Correio Braziliense
Faz 135 anos que o deputado pernambucano
Joaquim Nabuco, da janela do Paço Imperial, gritou para a multidão reunida:
"Não há mais escravos no Brasil"
Faz 135 anos que o deputado pernambucano
Joaquim Nabuco, da janela do Paço Imperial, gritou para a multidão reunida:
"Não há mais escravos no Brasil". Na sala ao lado, a princesa regente
acabava de sancionar a Lei Áurea, aprovada na Câmara e no Senado, depois de 10
dias de debates parlamentares. Tudo indicava que chegaram ao fim os 350 anos do
mais brutal sistema social adotado pela humanidade: a escravidão industrial que
trouxe mais de 4 milhões de africanos, inclusive 800 mil mulheres, e produziu
um número até hoje desconhecido de escravos nascidos no território brasileiro
para serem vendidos, sujeitos a todo tipo de maus-tratos e exploração.
Eufóricos com a conquista do fim da escravidão, os abolicionistas não imaginavam que atravessaríamos do século 19 ao 20 e deste ao 21 com pessoas em condições servis. Não mais vendidas e compradas, porque os escravos estão disponíveis nas esquinas das cidades e se submetem a esses trabalhos como forma para subsistir. Nabuco e outros alertaram que, sem distribuição de terra e escolas, a abolição não estaria completa, mas dificilmente imaginariam o quadro de pobreza e a consequente escravidão que ainda temos, quase um século e meio depois daquele grito, desde a varanda do Paço.

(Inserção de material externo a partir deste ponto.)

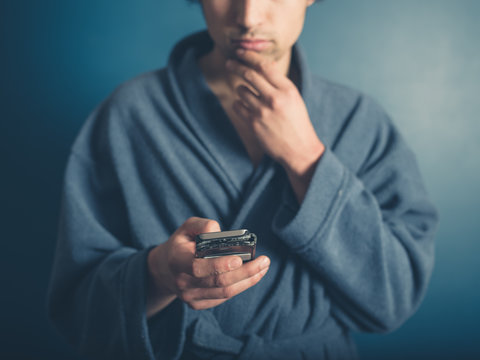 Man in bathrobe using smartphone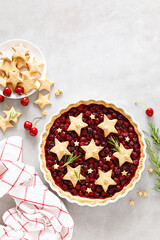 Homemade cherry pie, tart with star shaped cookies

Os escravos não vêm da África, não
precisavam ser capturados, amarrados, transportados e vendidos, nem nascem com
o carimbo de escravos. Eles são fabricados pela negação de escola com
qualidade, que os joga na pobreza. Todos os libertados do trabalho servil,
neste ano de 2023, são analfabetos ou têm baixíssimo nível educacional por
falta de escola: sem matrículas, sem frequência, ou em tão ruins que podem ser
consideradas escolas negreiras, que levam à escravidão, como faziam os navios
da época.
A realidade seria completamente diferente
se, além do art. 1º (É declarada extinta, desde a data desta lei, a escravidão
no Brasil), a Lei Áurea, tão comemorada na tarde daquele domingo 13 de maio de
1888, tivesse mais um artigo: art. 2º — Fica estabelecido um Sistema Único
Nacional Público de Educação de Base em todo o território brasileiro. Se, desde
então, o Brasil tivesse iniciado a implantação desse sistema único para os
filhos dos ex-escravos e dos seus ex-proprietários, nosso país não seria hoje
território de desigualdade social extrema, racismo estrutural, baixa produtividade,
violência urbana. Assumindo que a tarefa estava cumprida com o único artigo que
decretava não existir mais escravos no Brasil, por mais de 100 anos a educação
foi negada aos milhões de pobres, descendentes sociais dos escravos.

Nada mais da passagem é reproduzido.